#### What you should do
Exclude all images and print the entries below exactly.

#### Dataset
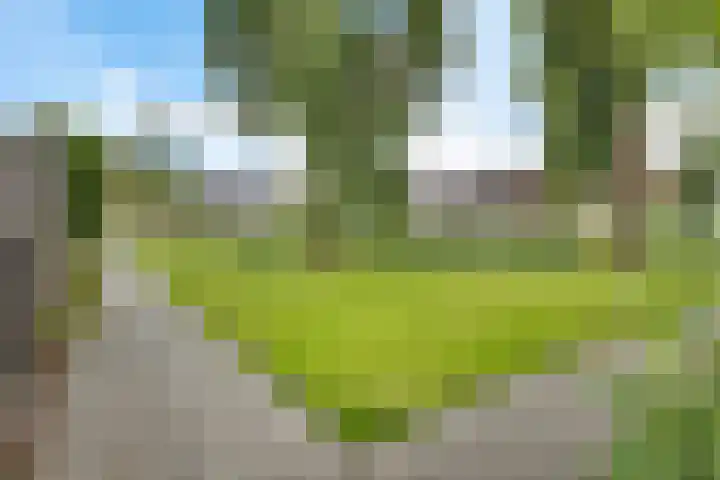Ganzenerf 113 Delfzijl thumbnail 16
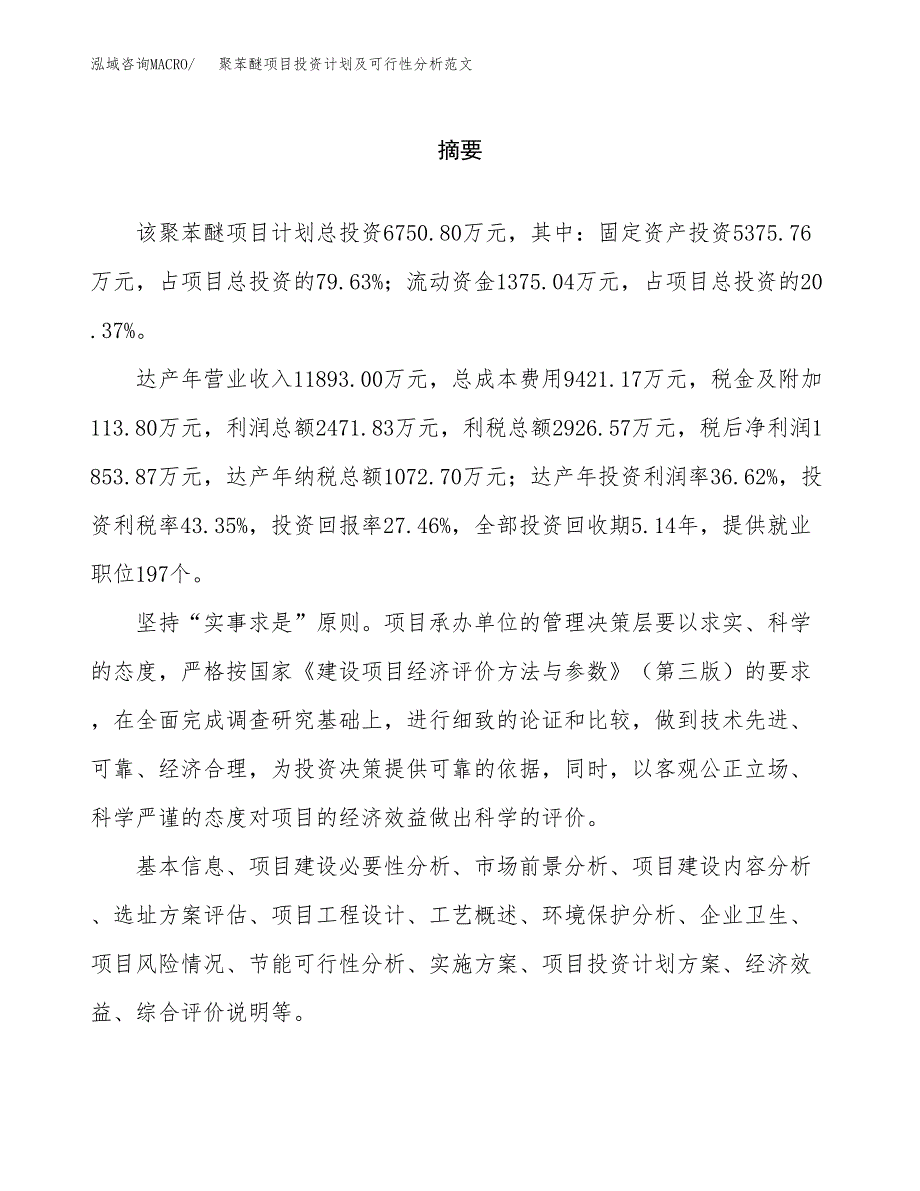 聚苯醚项目投资计划及可行性分析范文_第2页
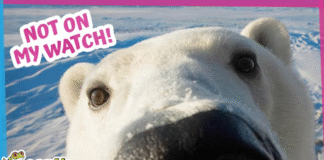 Polar Bear Cubs Are in Trouble but Mom Comes to the Rescue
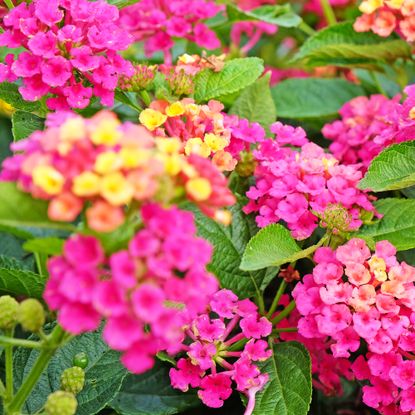Pink and yellow Lantana camara, also known as wild sage, Gem Diva Pink, in flower.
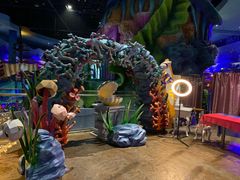 -青岛嘉年华主题乐园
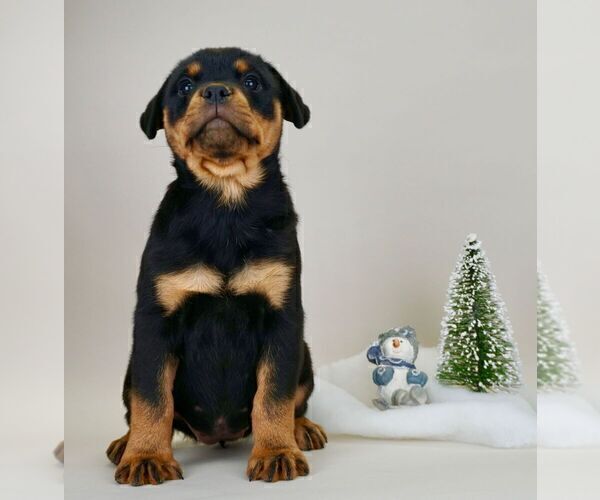 Medium Photo #11 Rottweiler Puppy For Sale in NAPPANEE, IN, USA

#### Answer section
Ganzenerf 113 Delfzijl thumbnail 16
 聚苯醚项目投资计划及可行性分析范文_第2页
 Polar Bear Cubs Are in Trouble but Mom Comes to the Rescue
Pink and yellow Lantana camara, also known as wild sage, Gem Diva Pink, in flower.
 -青岛嘉年华主题乐园
 Medium Photo #11 Rottweiler Puppy For Sale in NAPPANEE, IN, USA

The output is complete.